Artificial Unintelligence

Who:
Daniel Archer - darcher-1
Mathijs Deetman - mdeetman

Introduction:
Our group liked the idea of reinforcement learning and found the most recent project interesting, so we set out to complete our final project on something within the space. After doing research and spending time debating different papers we decided to Implement a paper by T Lillicrap et Al titled “Continuous Control with deep reinforcement learning”. However, after our first check in with our TA mentor we came to learn that this paper would too closely mimic homework 6 and thus we had to go back to the drawing board. Along a similar subject matter we then selected a paper by Mnih et Al titled “Playing Atari with deep reinforcement learning”. In this paper a DQN with experience replay algorithm is used to play Atari 2600 games. Our implementation of the paper will focus on the atari game breakout. We chose this game because of its success in the paper relative to the average human as well as the simplicity of the action space. The goal of this game is to move a paddle situated on the bottom of the screen left and right and prevent the ball from hitting the bottom of the screen while directing it to break bricks at the top of the screen.

Methodology:
We use the atari gym library to load breakout. We use a deterministic version of this game with a fixed frameskip of 4 frames. This is consistent with the implementation described in the paper.

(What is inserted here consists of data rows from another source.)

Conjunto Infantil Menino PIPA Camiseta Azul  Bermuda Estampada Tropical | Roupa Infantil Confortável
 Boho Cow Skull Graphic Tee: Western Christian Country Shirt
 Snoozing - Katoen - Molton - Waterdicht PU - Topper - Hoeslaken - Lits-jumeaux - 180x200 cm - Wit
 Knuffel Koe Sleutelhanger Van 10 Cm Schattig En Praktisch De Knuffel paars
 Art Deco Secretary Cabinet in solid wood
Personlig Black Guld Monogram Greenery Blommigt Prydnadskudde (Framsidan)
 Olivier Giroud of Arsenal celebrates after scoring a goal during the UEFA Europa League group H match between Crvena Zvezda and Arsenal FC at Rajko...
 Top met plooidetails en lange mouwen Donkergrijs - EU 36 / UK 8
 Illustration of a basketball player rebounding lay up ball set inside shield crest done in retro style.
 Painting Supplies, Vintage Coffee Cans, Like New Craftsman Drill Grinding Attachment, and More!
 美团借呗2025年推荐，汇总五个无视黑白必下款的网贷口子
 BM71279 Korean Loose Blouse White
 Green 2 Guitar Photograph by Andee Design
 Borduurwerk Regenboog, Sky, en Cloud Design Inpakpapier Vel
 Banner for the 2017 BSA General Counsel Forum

As in the paper, we preprocess our images to be 84x84 grayscale images. The observation from the environment is an RGB image with a height of 210px and a width of 160px. We crop 34 pixels from the top of the screen and 16 pixels from the bottom of the screen to make the input a 160px by 160px square image. The pixels removed at the top of the screen crop out the score and the pixels removed at the bottom crop out empty space below the paddle. The cropped images contain the entire playable area and information which the model could find useful. We then convert the images to grayscale and downsize them to 84x84 pixels. We then stack each input with the previous 3 frames and input them into our network.

Our network consists of the following: A convolutional layer with 16 8x8 filters with stride 4 and ReLu activation, another convolutional layer 32 4x4 filters with stride 2 and ReLu activation, a flatten layer, a fully connected layer with 256 rectified units and finally a fully connected output later with a linear output.

After each step, the state, reward, action, next state and terminal symbol are all added to a memory replay data structure and the model then undergoes one training cycle. During the training process, a minibatch is randomly sampled from the memory replay. The states in the minibatch are passed through the network and the “next states” are passed through the target model. Our target network has the same structure as the regular network but is not trained. Its weights are instead updated to be identical to the regular network every 5 episodes (about 2500 training steps).

Our loss calculation is a temporal difference loss where we are computing the mean squared error between the Q-values from the Q-network and the target network. We then use this loss to train out Q-network while keeping the target network constant.

We have gone with the following hyperparameters: our epsilon (probability that we select a random action i.e exploring rather exploiting) is 0.05, our gamma (the discount rate we use to get the present value of future rewards) 0.99, our minibatch size is 64, our maximum replay memory size is 50000, the number of episodes we train for is 200 and the number of episodes between each target network update is 5.

Results:
We found that our model learned really quickly initially - it was on par with Google and Open Ai after around 100 episodes scoring on average around 4 points and after 150 episodes scoring 8-13 consistently. We saved the model at this point and were able to render the emulator and visualize our model playing the game.Thereafter, we only decided to train our model for 200 epochs. This was mainly due to the computational resources available to us. The score obtained in this range of epochs started to taper off and generally sat in the 10-15 range. As we trained our model past 200 epochs we started to notice a decrease in performance which we attributed to over fitting. Nonetheless we were still able to get results which we were happy with and being able to visualize our model playing breakout was really rewarding - excuse the pun !

Challenges:
We initially battled with getting a better understanding of all the concepts outlined in the paper. As we began to code more specific challenges came up. For instance, the concept of memory replay was a little foreign to us at first so we had to spend some time researching the concept in order to better understand it and implement it. Thereafter, we battled with where and how to calculate the loss between the Q-network and target network - it was confusing to us where and at what exact step we needed to compute this value.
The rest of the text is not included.